Each time we went to a sharper key we took the note which was the 5th note of the previous scale (G, with one sharp, was the 5th note of C major. D, with two sharps, was the 5th note of G, etc).
In a diagram this can be shown as a circle which is called the “Circle of Fifths”. As each scale gets more sharps we go clockwise round the circle. Below is a video on this:
Starting at any pitch, ascending by the interval of an equal tempered fifth, one passes all twelve tones clockwise, to return to the beginning pitch class. At the top of the circle, the key of C Major has no sharps or flats. Moving clockwise on the circle, we go from C to G to D, etc. This movement can be interpreted in two ways. First, if we are going up the scale, the interval from C to G is a fifth. Second, if we are going down the scale, the interval from C to G is a fourth. Listen to the examples below:
Crucially, when moving clockwise it is by ascending fifths. This means each key that moves up by a fifth will also gain extra sharps each time e.g.
- C, d, e, f…
- G, a, b, c…(5th from C – one sharp)
- D, e, f, g… (5th from G – two sharps)
- A, b, c♯, d (5th from D – two sharp)
- E, f♯ , g♯ , a …(5th from A – one sharp)
- B, c♯ , d♯ , e. . (5th from E – five sharps)
- F♯ , g♯, a♯, b…(5th from B six sharps)
- D♭, e♭, f, g♭… (5th from F♯ – no sharps/flats)
- A♭, b♭, c, d♭…(5th from D♭ one flat)
- E♭, f, g, a♭…(5th from A♭ – three flats)
- B♭, c, d, e♭…(5th from A♭ two flats)
- F, g, a, b♭ …(5th from B♭ – one flat)
- C (5th from G – two sharps)
Similarly, if we move counter-clockwise around the circle of descending fifths from C to F to Bb, this movement can be interpreted in two ways. First, if we are going up the scale, the interval from C to F is a fourth. Second, if we are going down the scale, the interval from C to F is a fifth.
At the bottom of the circle, the sharp and flat keys overlap, showing pairs of enharmonic key signatures sharing the identical tone. For instance, the key of C♭ has seven flats while the key of B has five sharps. Yet, since they refer to the same note, they are tonally equivalent.

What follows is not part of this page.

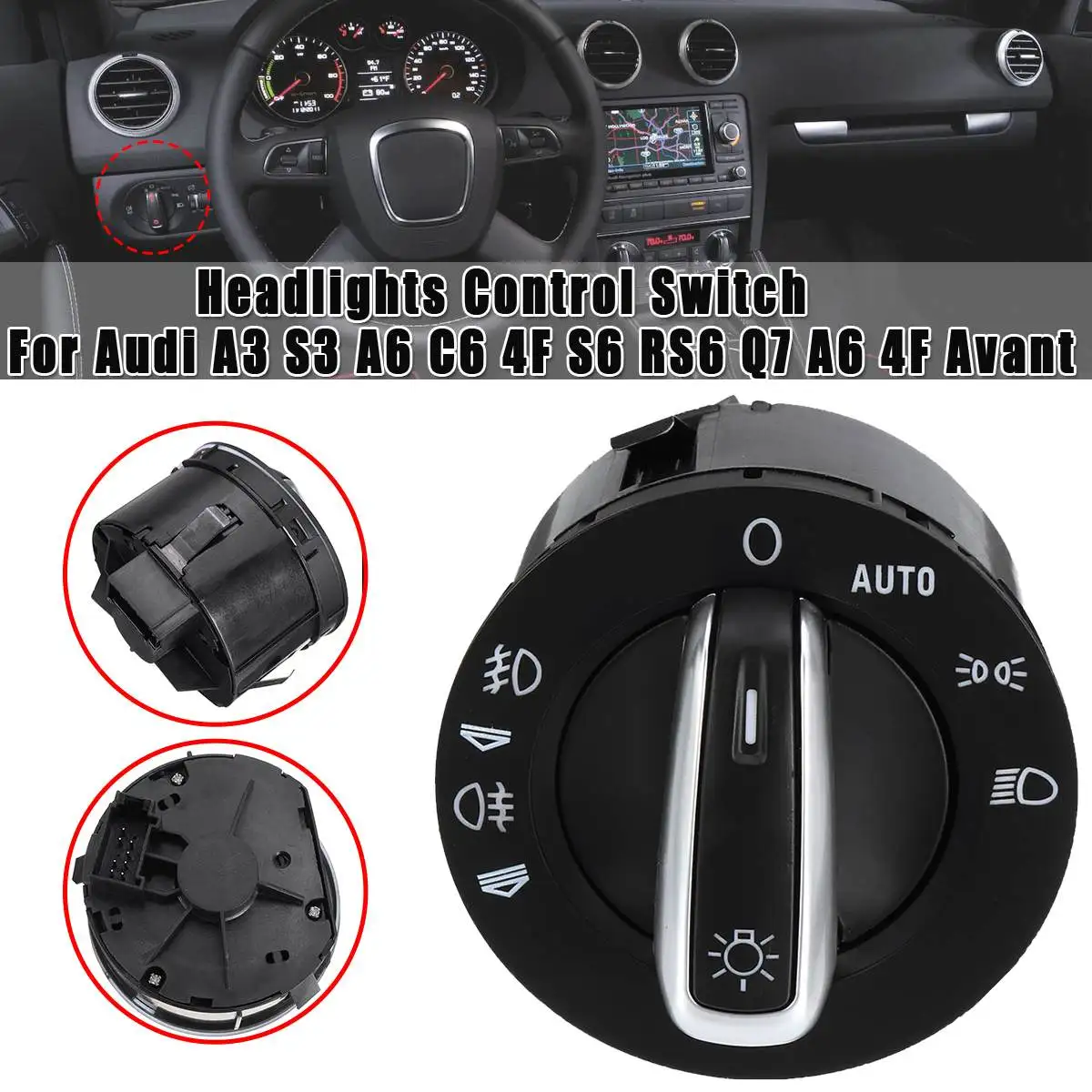 4F1941531E для Audi A3 S3 A6 C6 4F S6 RS6 Q7 Avant хром ближнего света, лампа для противотуманной фары переключатель управления 4F1 941 531E 1 шт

To pass the twelve tones counterclockwise, it is necessary to ascend by perfect fourths, rather than fifths. (To the ear, the sequence of fourths gives an impression of settling, or resolution.
Circle of fifths are useful because:
- Dominant 7th chords (which are common in popular music), have a tendency to move towards (also known as ‘resolve’) certain chords. But which chord is next? The answer is simply to go down a fifth, or counter-clockwise on the circle. So if a piece of music has a G7 chord at the end of a bar/the music, it will resolve onto a C. If we use an F7, it will resolve onto a B♭.
- In a lot of music, the most common chords will be those of the key the music is in, and the chords on either side of it on the circle. For example, if you are playing in the key of C, you’ll likely use F (the subdominant) and G (the dominant) as well.
- When writing songs, sometimes it can be hard to come up with interesting chord progressions. We can use the chart for this by experimenting with moving between relative majors and minors or jumping by a fourths/fifths. Jazz and (especially) Blues sometimes use the circle of fifths in their progression.